Collection 7 of The Great British Baking Show, Presented to Savor, not Binge-Eat
Series 10 of the Great British Bake Off, or as the Americans are forced by trademark law and broadcasting vagaries to call it, Collection 7 of the Great British Baking Show, is in full swing now on Netflix, and what a rip-roaring experience it is! (Union Jack bunting in an air-conditioned kitchen/tent is the textbook definition of rip-roaring in some English dialects.)
Viewers who are entranced with vicarious caster sugar and hypnotized by the cheerful soundtrack are experiencing their favorite reality baking show in a very new way and, for the first time ever, in sync with their British cousins. Netflix, the media outlet that typically drops three years’ worth of grueling production work in 24 episodes you can watch in one extremely long, sweaty weekend, is changing format with the newest installment of the Great British Baking Show by releasing it to us one week at a time, and simultaneously with the British TV networks that air it.

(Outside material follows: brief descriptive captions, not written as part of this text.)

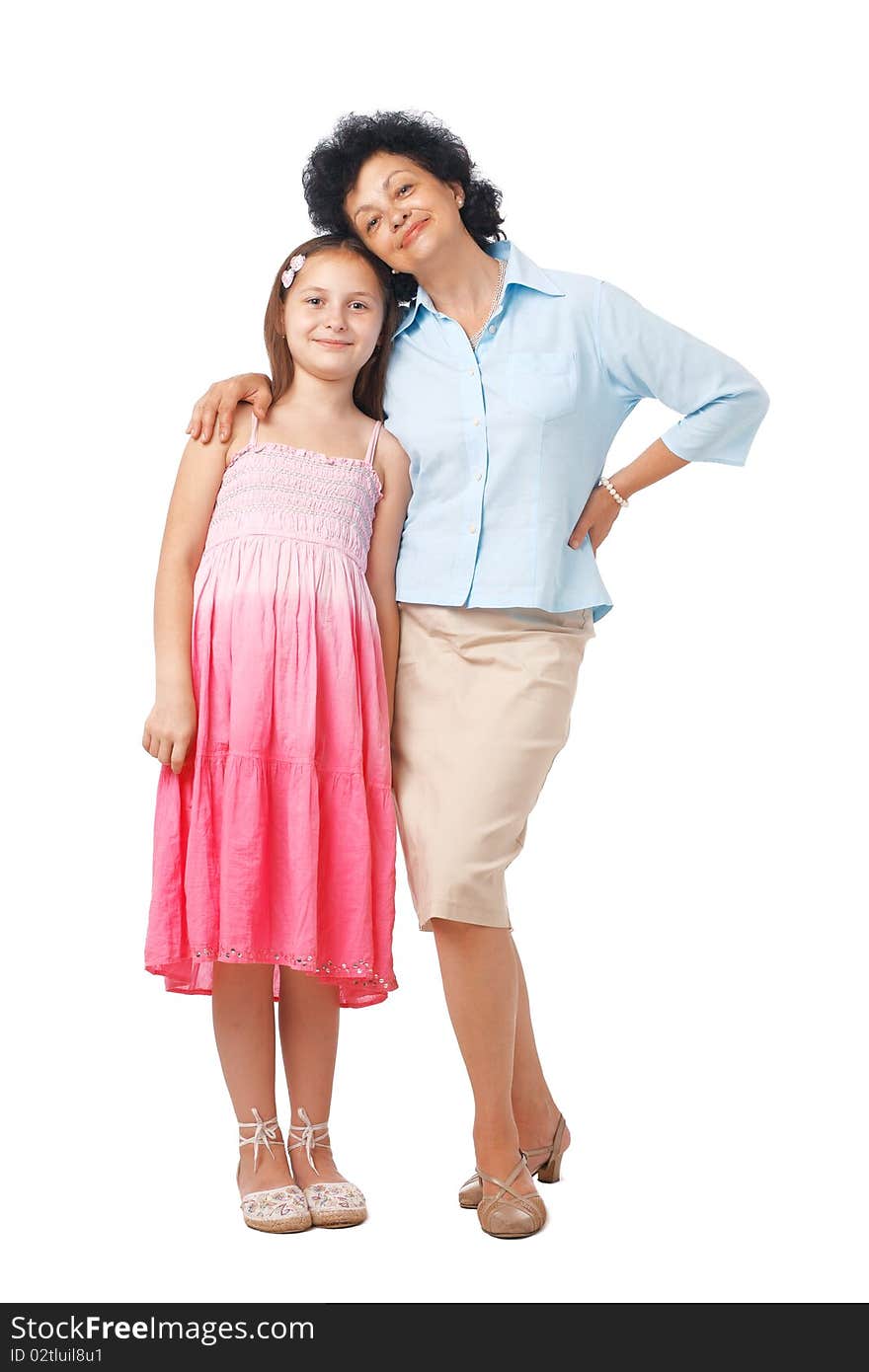 A full length portrait of grandmother embracing her grand daughter. A full length portrait of grandmother embracing her grand daughter.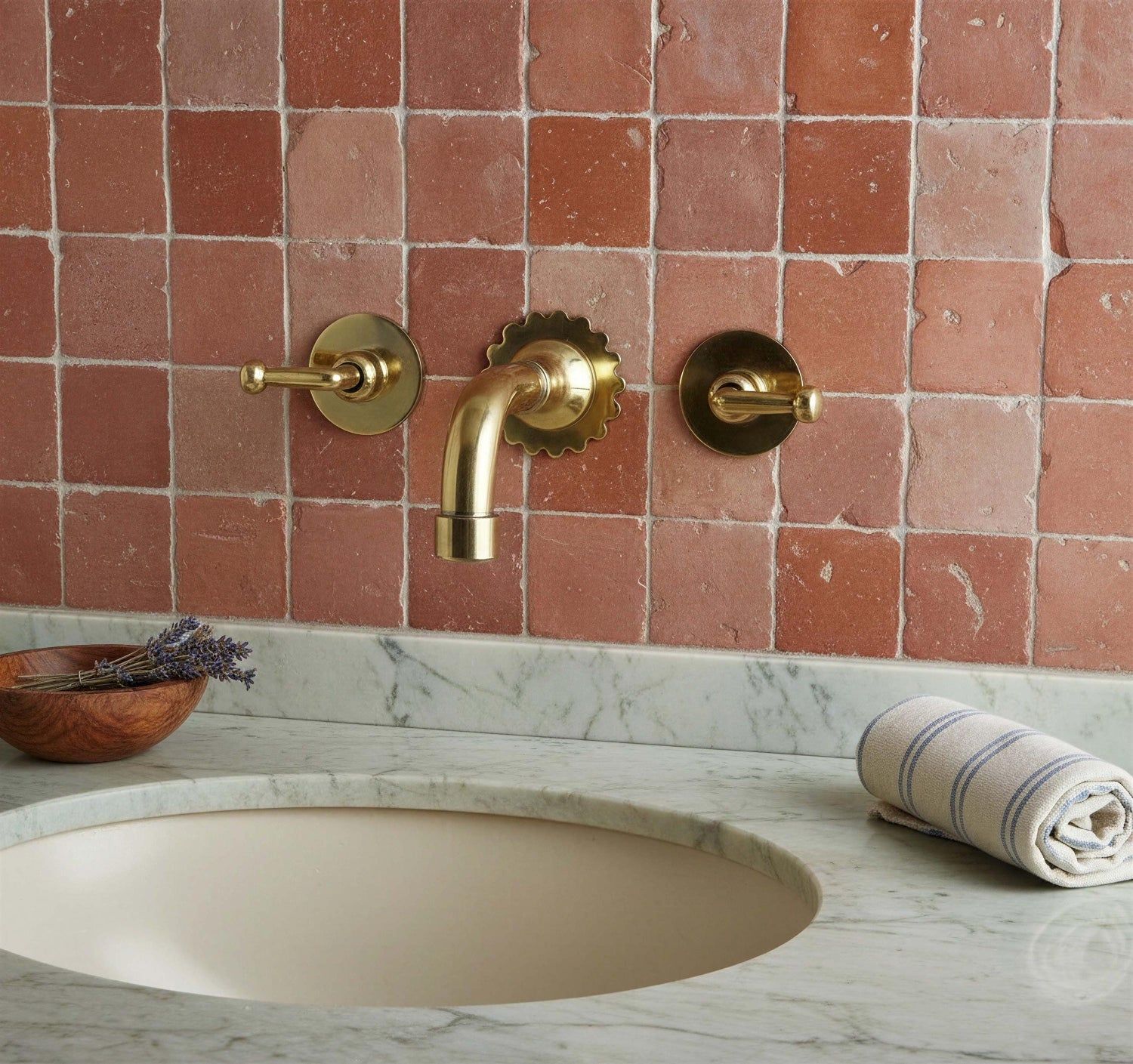 Bathroom sink with gold fixtures against a tiled wall.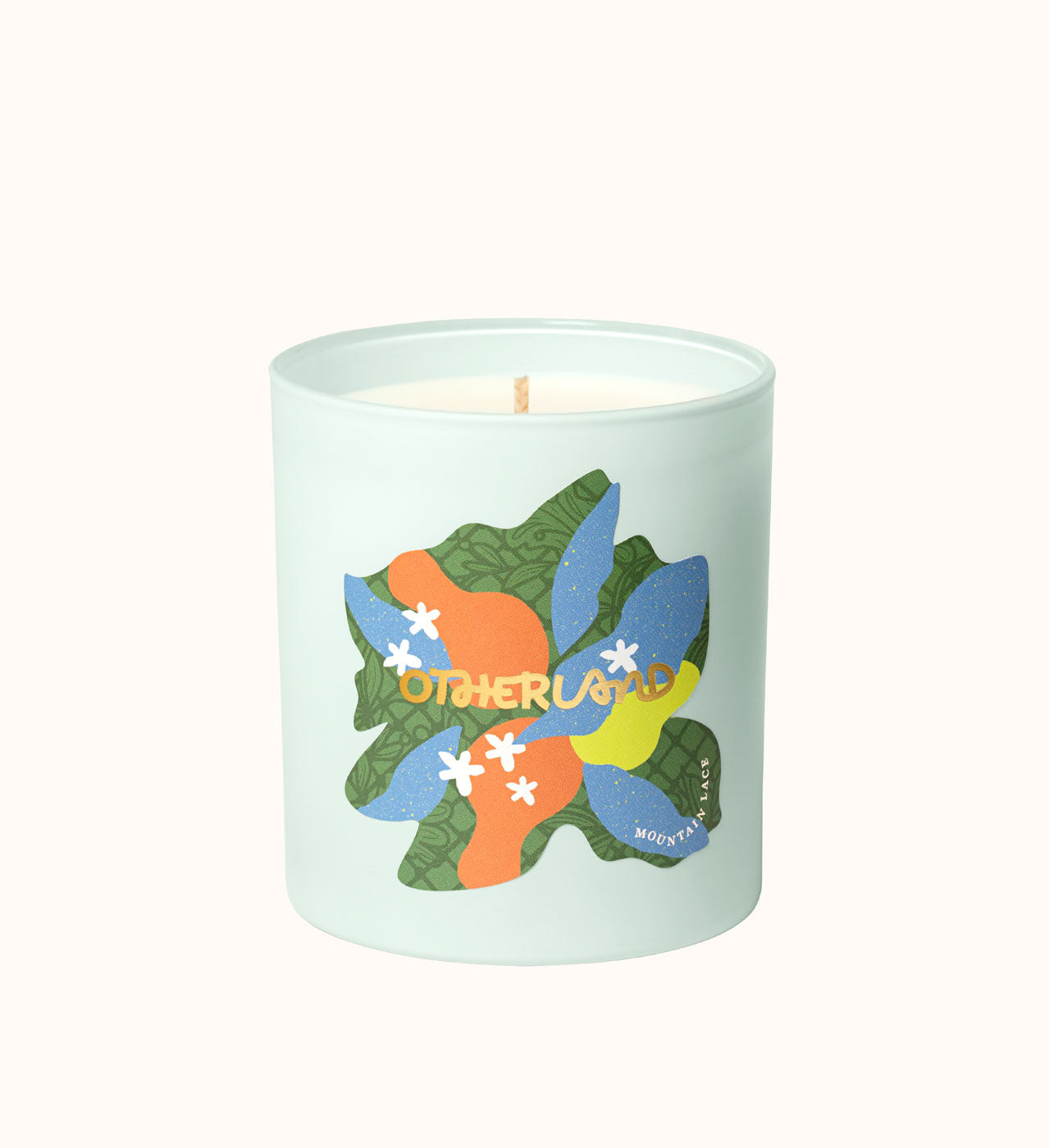 Light blue candle with colorful leaf design and 'Otherland' branding on a white background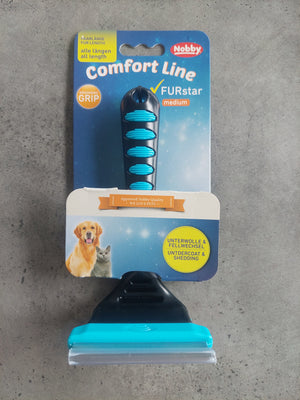 Pet grooming brush with Nobby packaging on a gray surface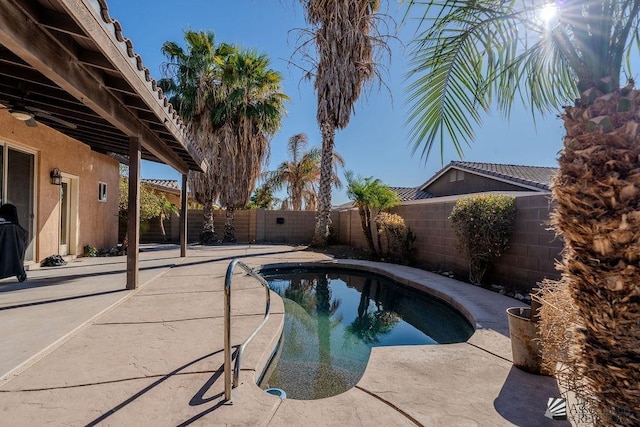 view of pool featuring a fenced backyard, a fenced in pool, and a patio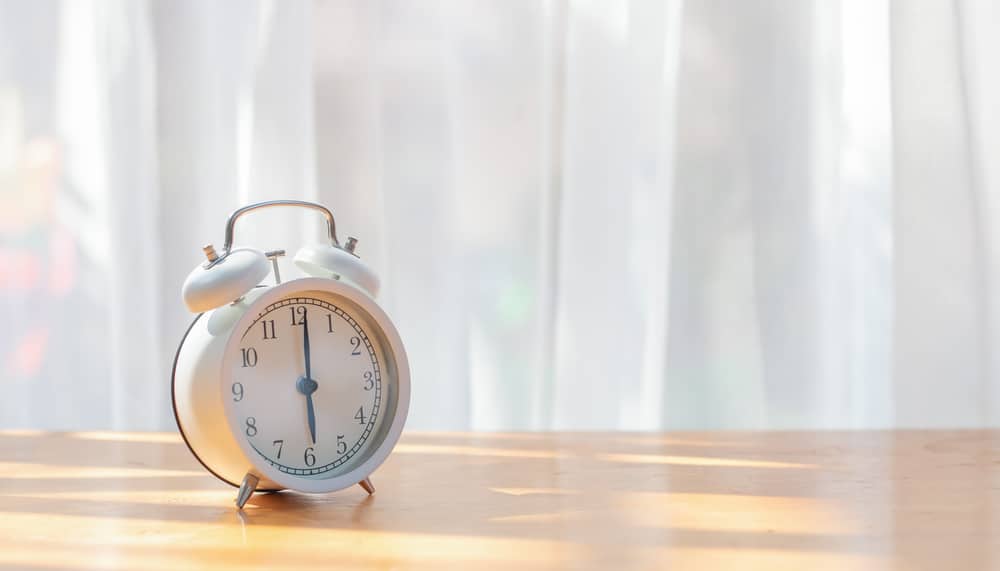 White Alarm Clock On Desk With Beautiful Curtain For Background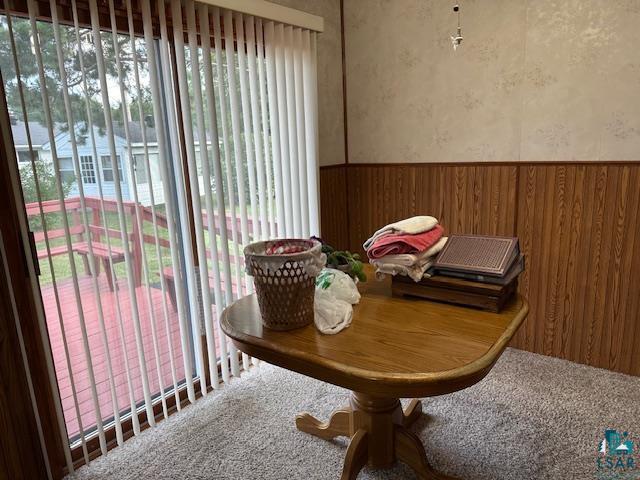 30 Fir Circle Babbitt, MN 55706 - Photo 10 of 27 Carpeted dining space featuring a wainscoted wall, wallpapered walls, and wooden walls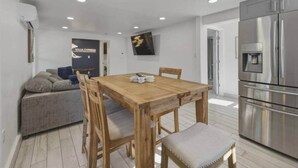 Una cocina moderna con una mesa de comedor de madera, electrodomésticos de acero inoxidable y un sofá gris.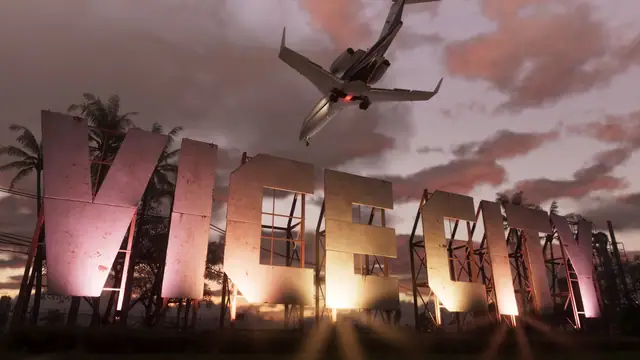 A plane flying over an enormous illuminated VICE sign at dusk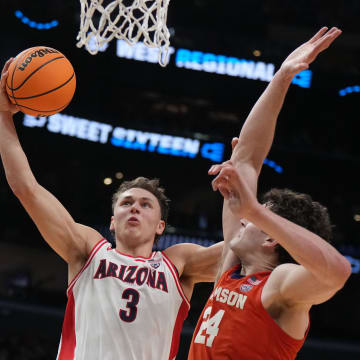 Mar 28, 2024; Los Angeles, CA, USA; Arizona Wildcats guard Pelle Larsson (3) shoots against Clemson Tigers center PJ Hall (24) in the first half in the semifinals of the West Regional of the 2024 NCAA Tournament at Crypto.com Arena. Mandatory Credit: Kirby Lee-USA TODAY Sports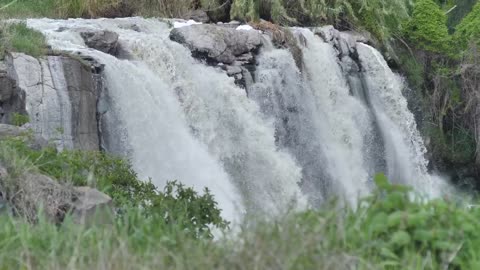 Rocky waterfall on a river in nature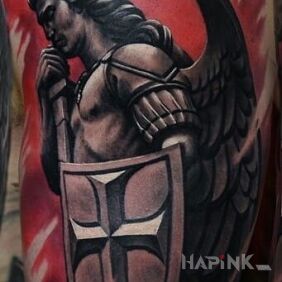 Tattoo Archangel on the upper arm motif: characters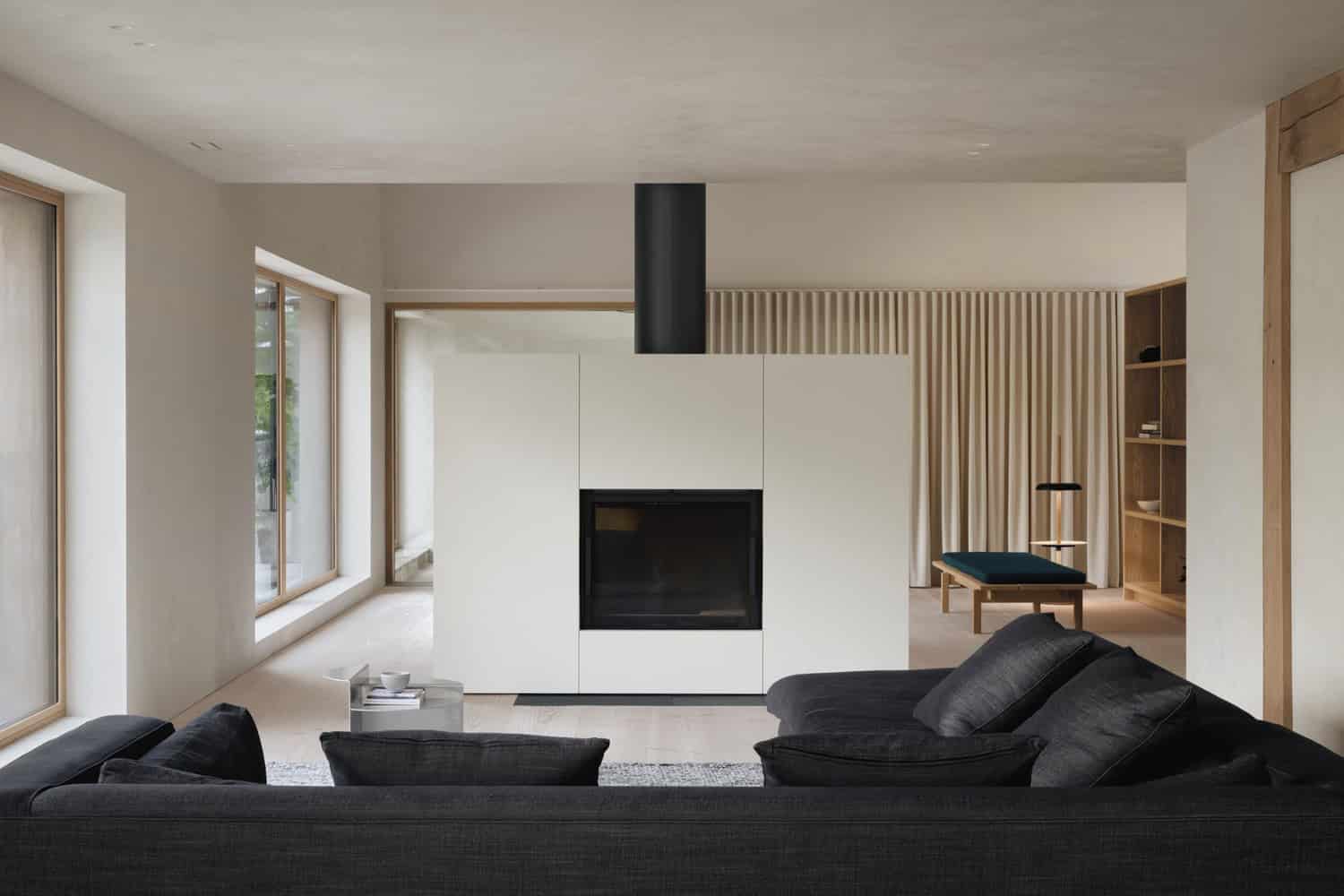 Maison Melba living room by Atelier L’Abri with central fireplace and dark modern sofa in Frelighsburg Quebec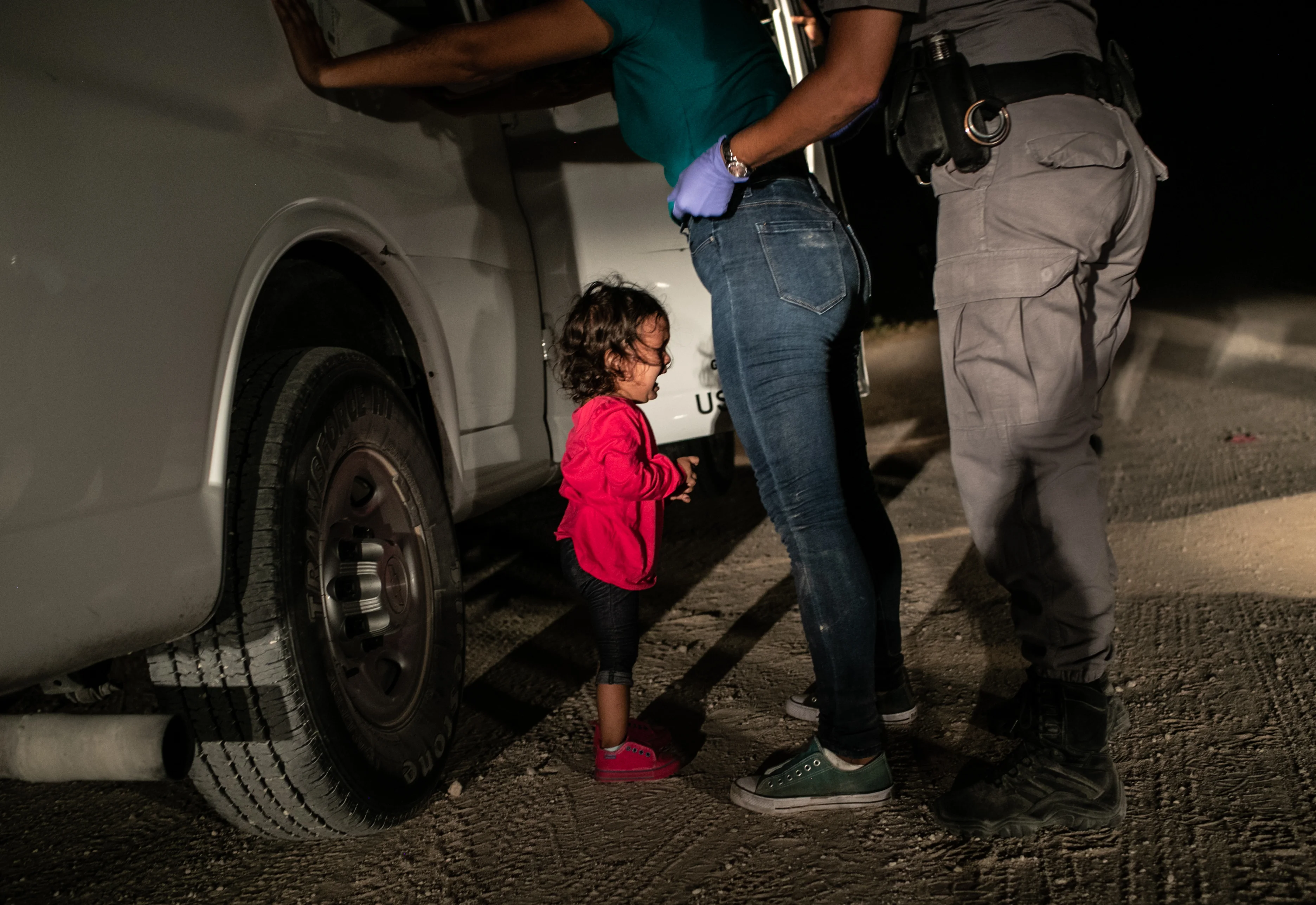 Honduran toddler Yanela Sanchez cries as she and her mother, Sandra Sanchez, are taken into custody by US border officials in McAllen, Texas, USA, on June 12.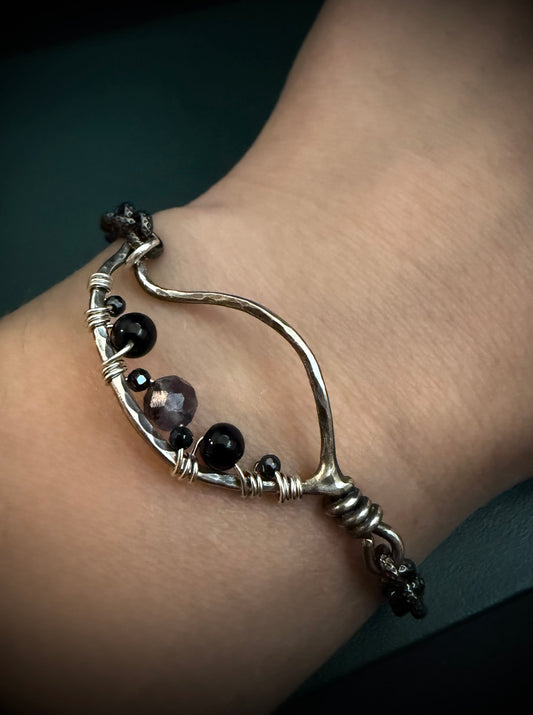 Silver bracelet with black beads on a wrist against a dark background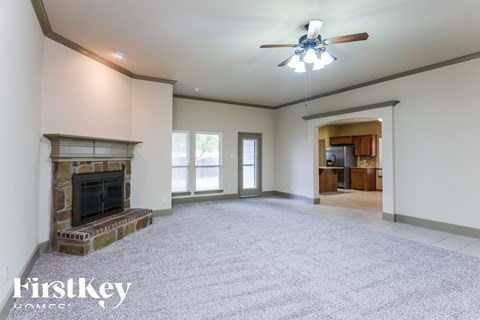 A spacious living room with a fireplace and a ceiling fan.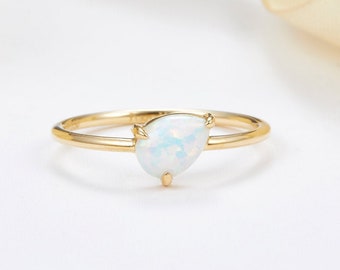 Puede incluir: Un delicado anillo de oro con una piedra de ópalo en forma de pera. El anillo está sobre un fondo blanco.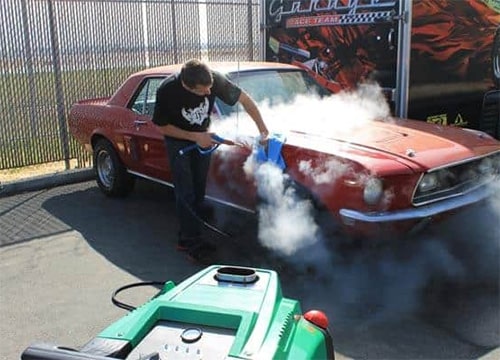 Person using an Optima DMF Steamer and microfiber cloth to clean the exterior of a vintage red car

Those of us who previously followed #GBBO hashtags on Twitter to effectively time-travel to seasons that did not exist yet with the help of British audiences, or at least felt a little smug superiority in watching the series as the good Lord intended, broadcast on PBS, have lost our advantage and must wait an entire week before we know what comes next.
And I think the format is working. There’s plenty of grumbling going on in my corner of the Mom-verse as the broadcast schedule forces us to remember what our pioneer ancestors suffered when they had to wait an entire seven days for Biscuit Week. But I think it’s a smart move to synchronize Anglophonia, especially since the show is such a delight to interact with in real time on social media. There are already Jamie memes, tributes to the darling 20-year-old who, at least it seems from the first two episodes, can’t really cook a single thing. Hispanic goth baker Helena has become the mascot of the corners of the Internet who have been anxiously awaiting the appearance of Halloween decor in Target since February.
Speaking of loveable goths, host Noel Fielding has really come into his own. His wardrobe choices, including his epic Dinosaur Jr. jumper, remain utterly inscrutable and probably come from an atelier run by the ghost of Andy Warhol. He sneaks in just enough weirdness to keep us on our toes: “The cake I dreamt of as a child had marzipan arms, and we just held hands together.” And though we thought we would never recover when the show moved off of BBC and lost judge Mary Berry and hosts Sue Perkins and Mel Giedroyc in one fell blow, we have maybe almost forgotten that there was a time when we swore that the show would never be the same.
The show is the same. And maybe this is worrisome to those who sell television for a living? They do try to spice things up a bit as the years go by, for example, going way out into hedonistic territory by adding a Danish Week last season. And this new season started with 13 bakers (a baker’s dozen! Get it? Get it?) instead of the typical 12, which means that there’s always the possibility that two may have to go home on any given week!
And I say this facetiously because it’s all well and good. No one needs this show to change, but we’re really just fine when it does. That is, as long as they never lose their soul: kind, lovely, carby happiness wrapped up in a little bit of marshmallowy trauma and sprinkled with the type of naughty jokes whose delivery is so deadpan that your six-year-old has no idea what just flew over his head. We want more of the swiss meringues and the mint jellies and the lovingly diverse cast of bakers who whisper “well done!” to one another as the frightening gingerbread judges circle the room. And if we have to wait a week at a time for it, well that’s just like making a decadent dessert last a little longer. We’ll be glad in the end that The Great British Baking Show forced us to be prudent.